Classmates remember Roosevelt school days

WARREN — Tim Yova of Howland, Joe Pishotti of Warren and Steve Pinko of Johnston, were all in the same kindergarten class at Roosevelt School in Warren. They remained classmates until they graduated together from Warren Harding High School.

More than 50 people who had attended the Roosevelt School on the city’s north end gathered this weekend at Packard Park.

“This is more of a Roosevelt School neighborhood reunion. The school defined the neighborhood,” Yova said.

The school was located at the corner of Vernon and Hall avenues and had students who lived from Mahoning Avenue to the Jamestown Plaza.
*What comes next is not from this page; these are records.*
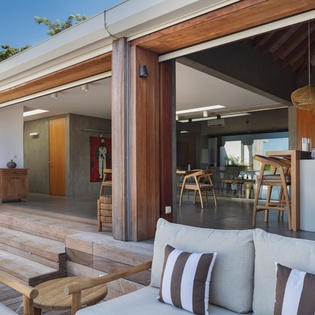 1.4-terrace-bonheur-new-villa-track2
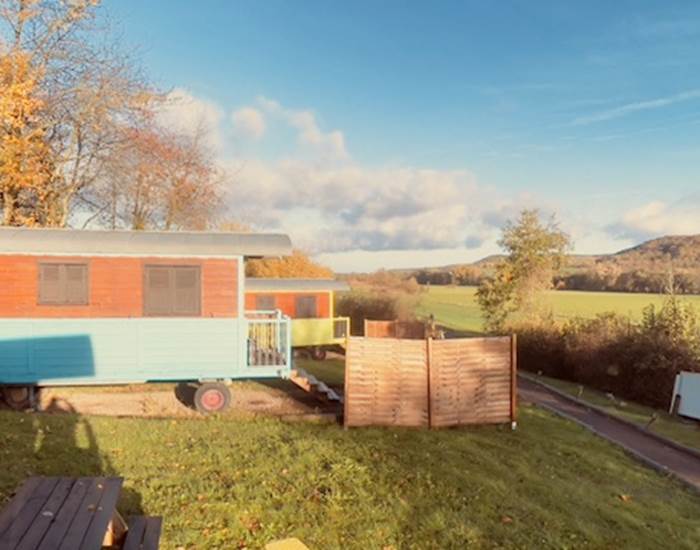 roulottes-colorées-hebergement-insolite-grand-est-domaine-des-droles-de-dames.jpg-Roulottes colorées du Domaine des Drôles de Dames, hébergement insolite dans le Grand Est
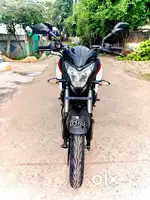 Ns200 white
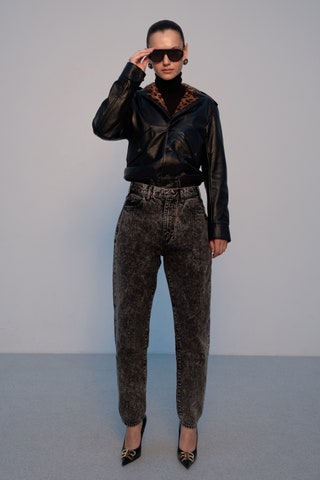 Куртка Saint Laurent водолазка Ralph Lauren джинсы Celine туфли Balenciaga очки Gucci серьги Versace.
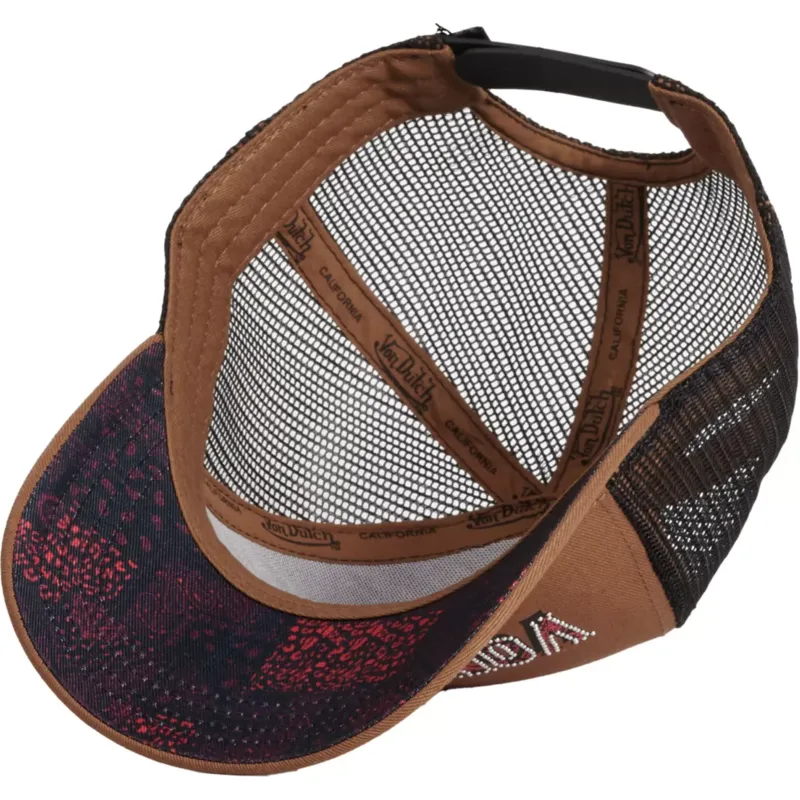 siltovka-zaoblena-hneda-snapback-stud-n-von-dutch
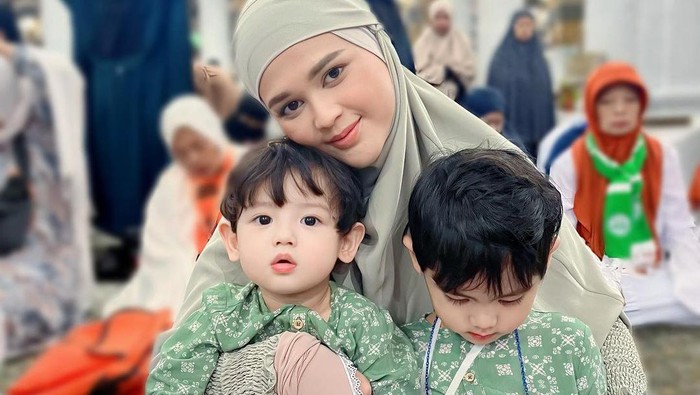 Cut Meyriska bersama dua anaknya di Masjid Nabawi.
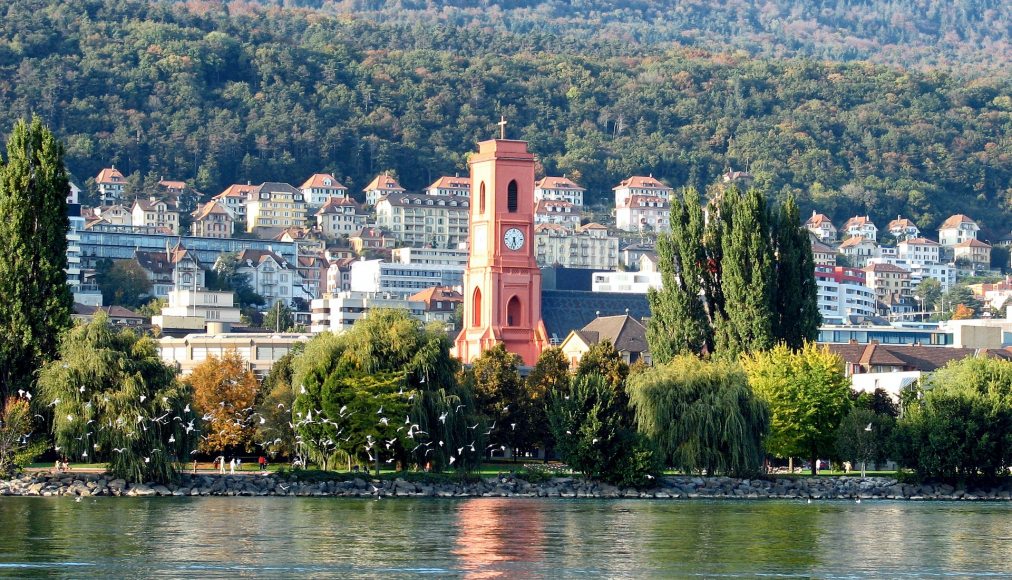 Neuchâtel depuis le lac Neuchâtel depuis le lac / CC0 / Pixabay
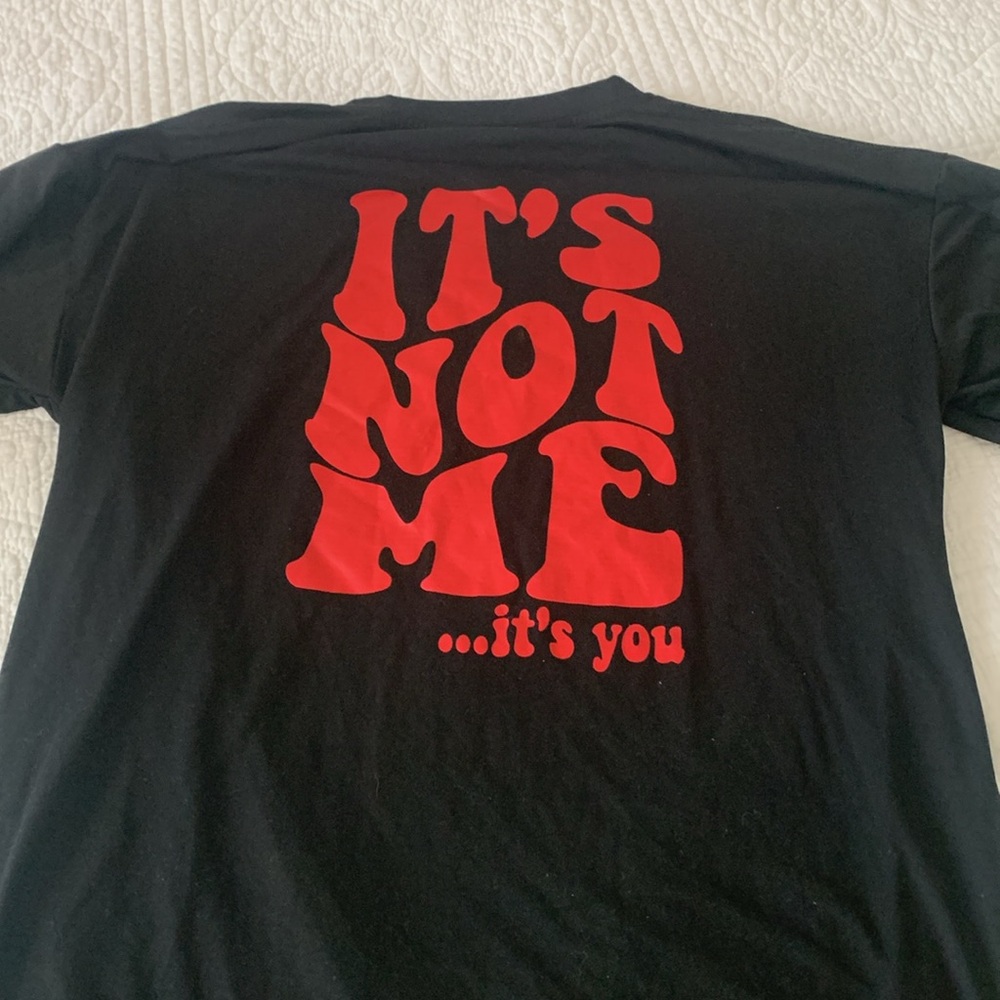 Tee 🖤 - Picture 3 of 5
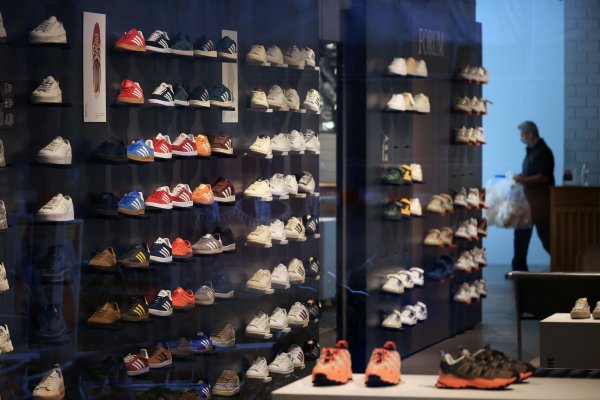 Adidas marca el inicio de la temporada de maratones con sus nuevas "superzapatillas" de running de US$ 500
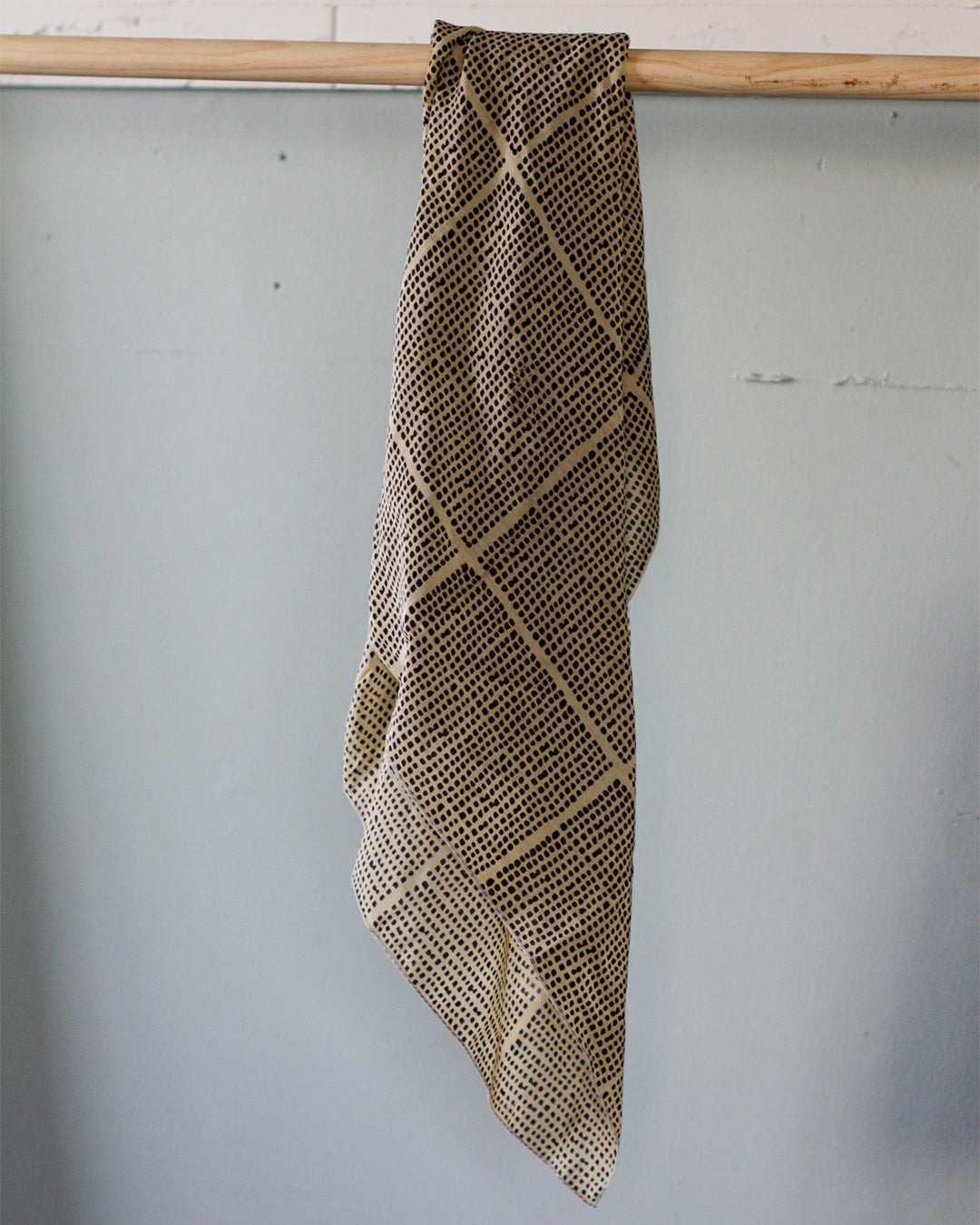 mills / Seed Scarf Cream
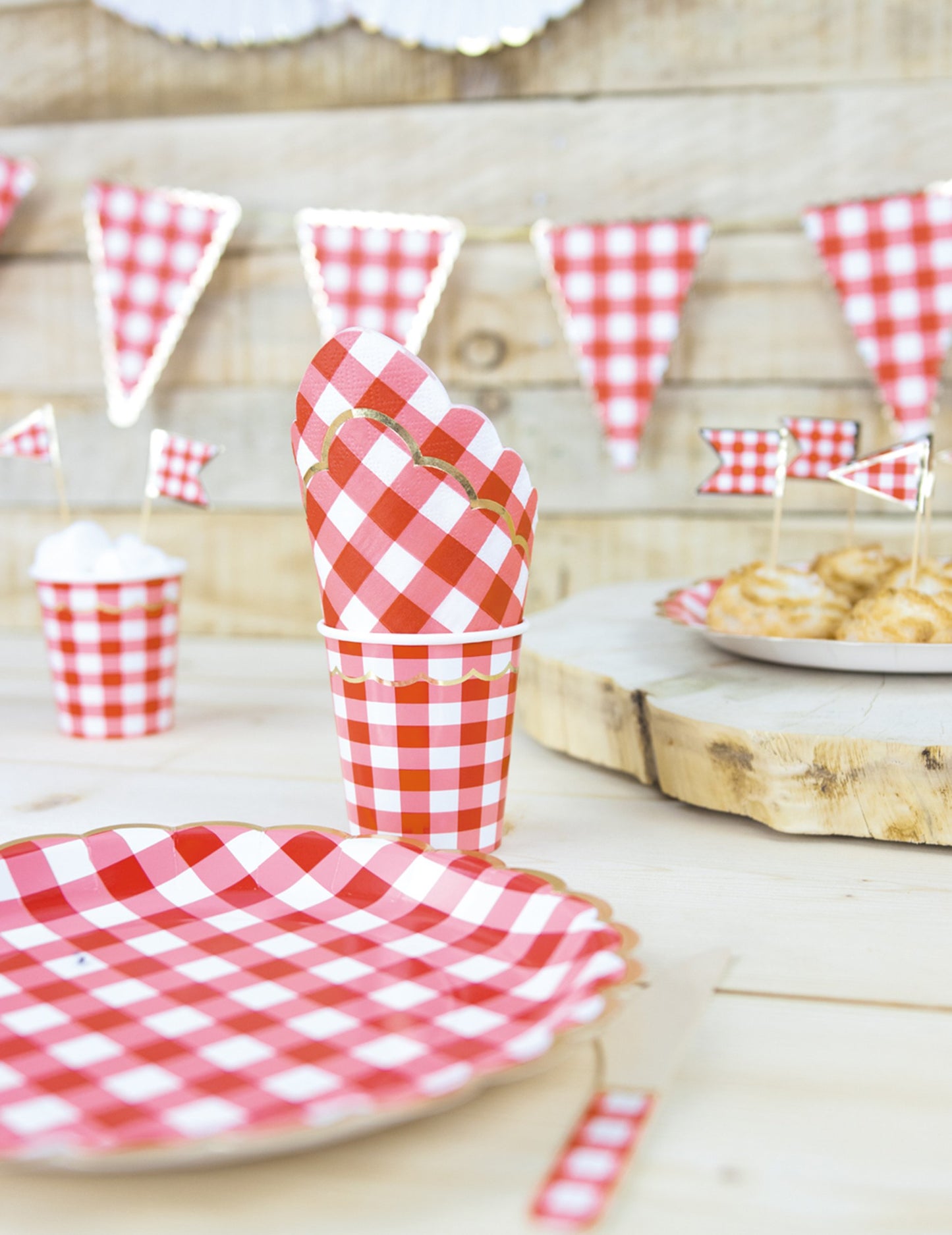 16 db kagylómintás piros kockás papírszalvéta, 33 x 33 cm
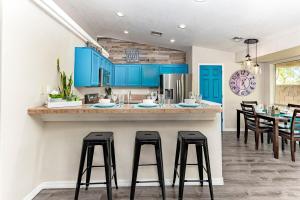 Kuchyň nebo kuchyňský kout v ubytování Avalon Havasu Pool Spa Playground Sleeps 20
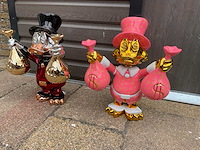 Dagobert duck sculptuur (2x) - afbeelding 1 van  12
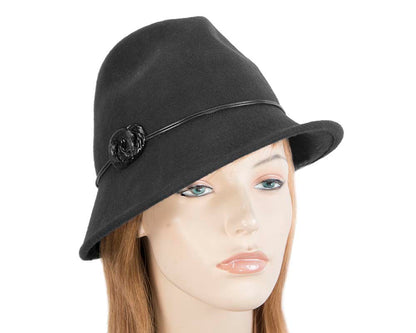 Black ladies fashion felt trilby hat by Max Alexander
The school, which has been torn down, at one time housed grades kindergarten to six.

Yova said the reunion was started eight years ago by Gordon Hazlette who has since died.

“We try to get together every other year,” he said.

Pishotti said the event allows for reminiscing about the school, teachers and growing up in the neighborhood.

“We talk about what we got away with and didn’t get away with as kids,” Yova said.

The last reunion two years ago was attended by more than 60 people.

Yova, who lived near the school, said it was a nice neighborhood school where everyone knew one another.

“The north end of Warren was a great place to grow up in the 1950s and 1960s,” he said.

Pishotti said because the school was more north centrally located it wasn’t “the east side versus west side of town.”

“We didn’t get caught up in that since we were in the middle.” he said.

Pishotti said the schools lost a lot doing away with neighborhood elementary schools.

“You knew everyone in the school and the neighborhood,” he said noting three generations of his family attended Roosevelt.

Yova said his mother attended the school.

Irma Valerio Laird attended Roosevelt for two years after her family came here from Europe.

“It was a great neighborhood on the north end and great school. The teachers helped me to learn English,” said Laird, who attended the event with her husband, Bob.

Mike Sherokee said all of the families raised good children who were friends in and out of school.

“When they tore the school down, I didn’t get a brick. I wish I had,” Sherokee said.